▸ **What the task requires**:
Leaving out all pictures, restate word for word the lines from the one with "The song is" through the last line of the entries.

(Dataset entries)

◇ ◇ ◇ ◇

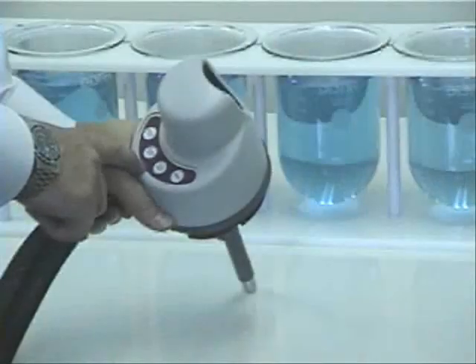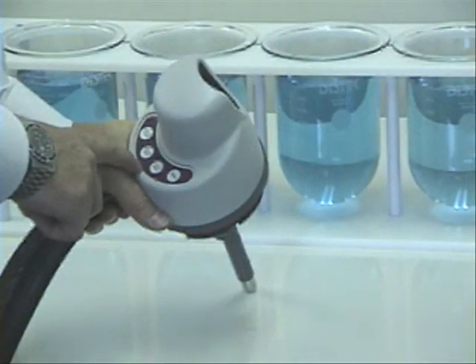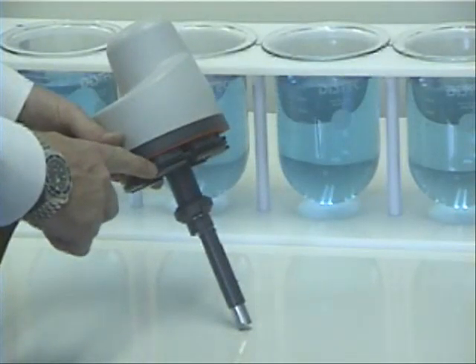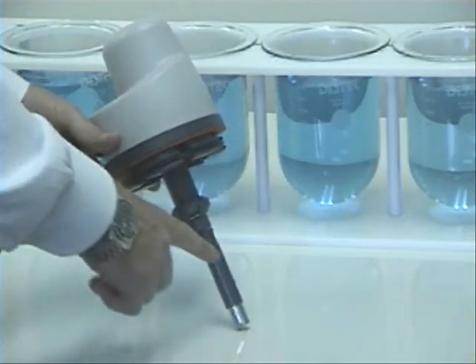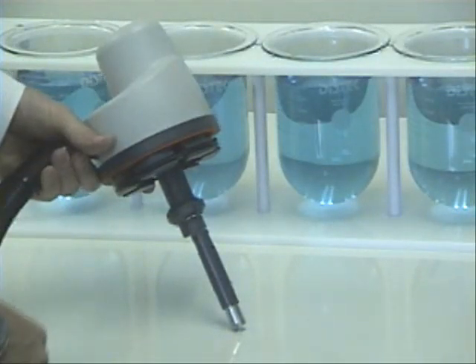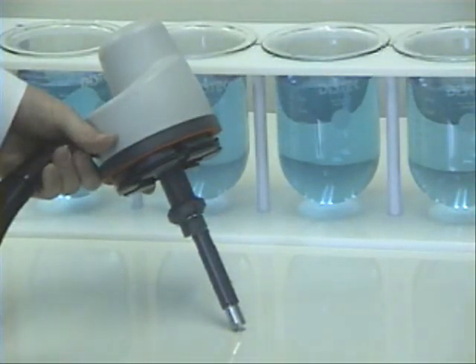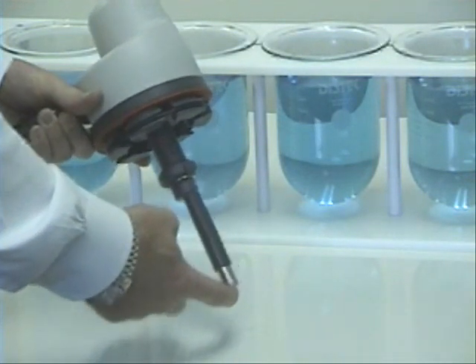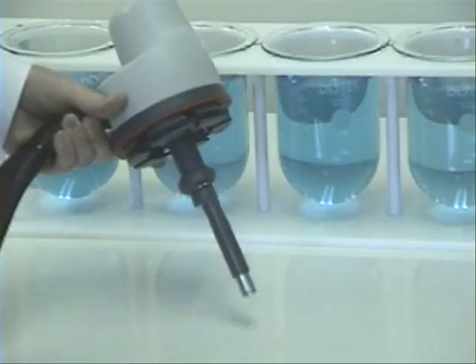The universal wash nozzle allows the chemist to remotely initiate a wash cycle while the self-adjusting O-ring permits hands-free operation. By integrating the drain and the cyclone wash nozzle into one assembly, the VIP4400 offers a full 360 degree wash. And the spring-loaded drain tip will automatically adjust to vessel height variations.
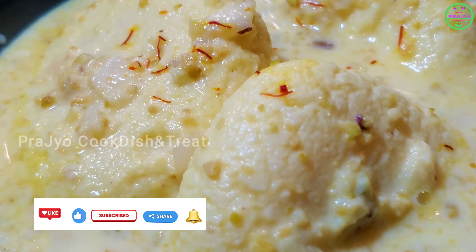I am going to boil the milk. In a mix jar, add 15 cashews, 25 cashews, 30 cashews, and 1 tablespoon of sugar.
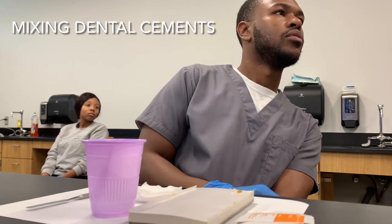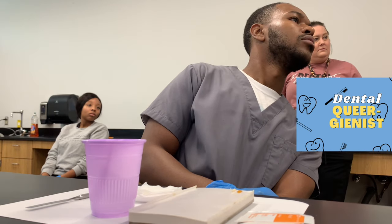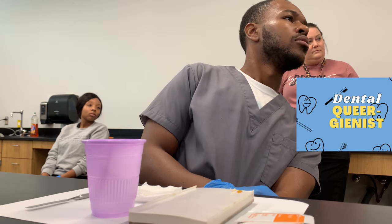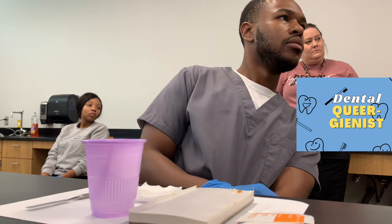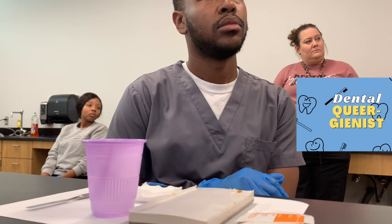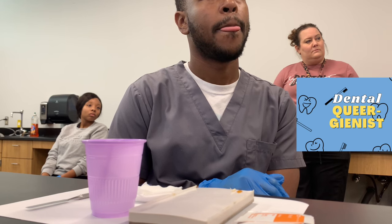Just scoop it up, bring it together, and start blending it. The working time on this is 30 seconds — it won't take you that long. If you spend too long mixing it, it will start to set up. Mix it until it's creamy and all blended together. If you don't see one color over the other, then you're good — you can line the inside of that crown.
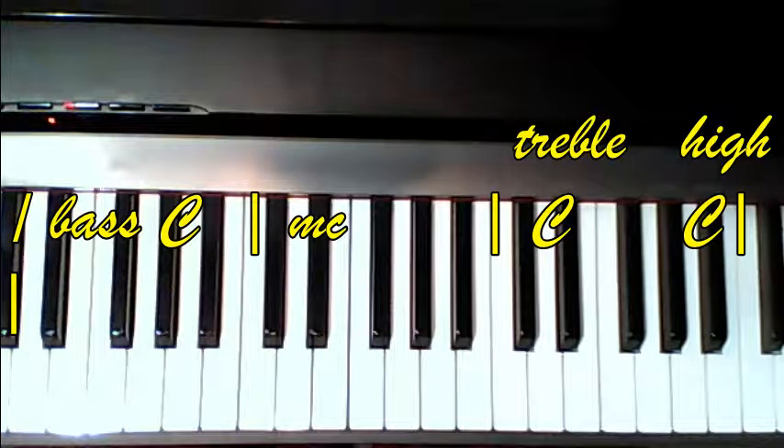The song is spread out really wide. Here is low C, middle C, treble C.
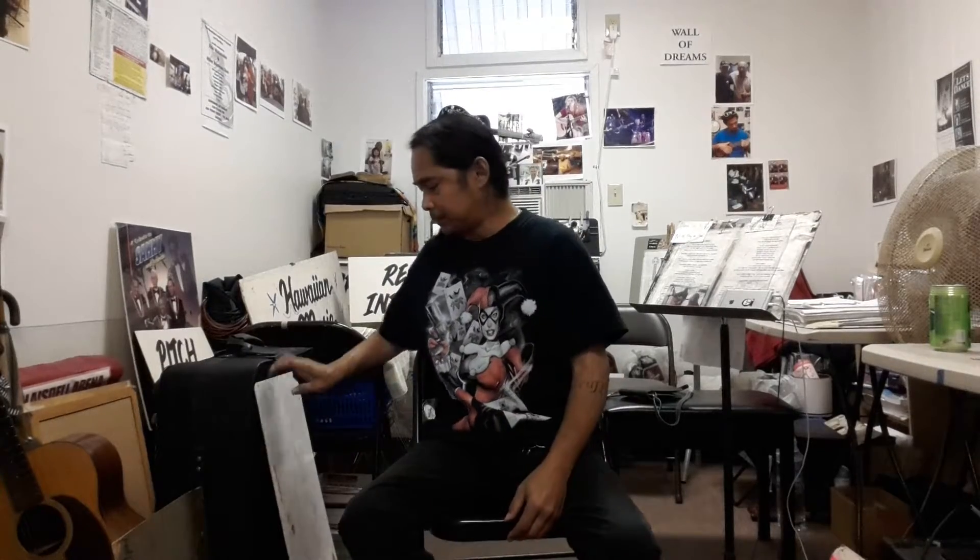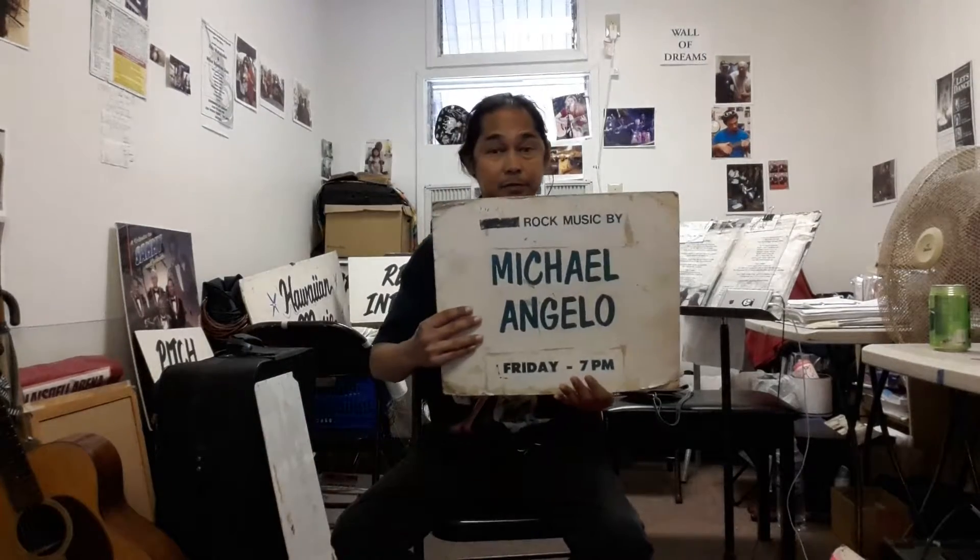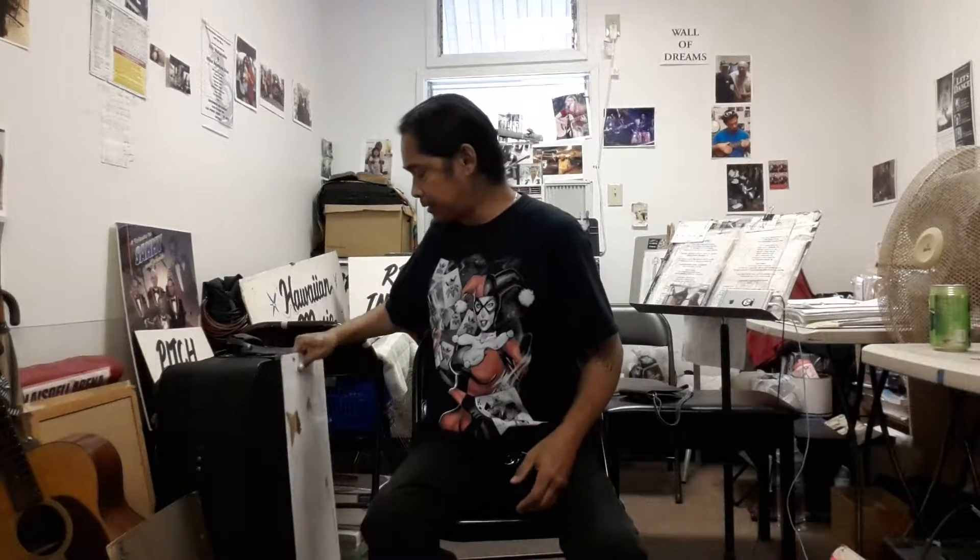Hi, welcome to Kikaa Tips. My name is Michelangelo Barquez and the show is being sponsored by Kikaa Institute of Hawaii and the Guitar Foundation, where we offer the best in guitar, ukulele, bass, and steel guitar instruction. Give us a call — our number is in the description below.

◇ ◇ ◇ ◇

▸ **Task answer**:
The song is spread out really wide. Here is low C, middle C, treble C.
Hi, welcome to Kikaa Tips. My name is Michelangelo Barquez and the show is being sponsored by Kikaa Institute of Hawaii and the Guitar Foundation, where we offer the best in guitar, ukulele, bass, and steel guitar instruction. Give us a call — our number is in the description below.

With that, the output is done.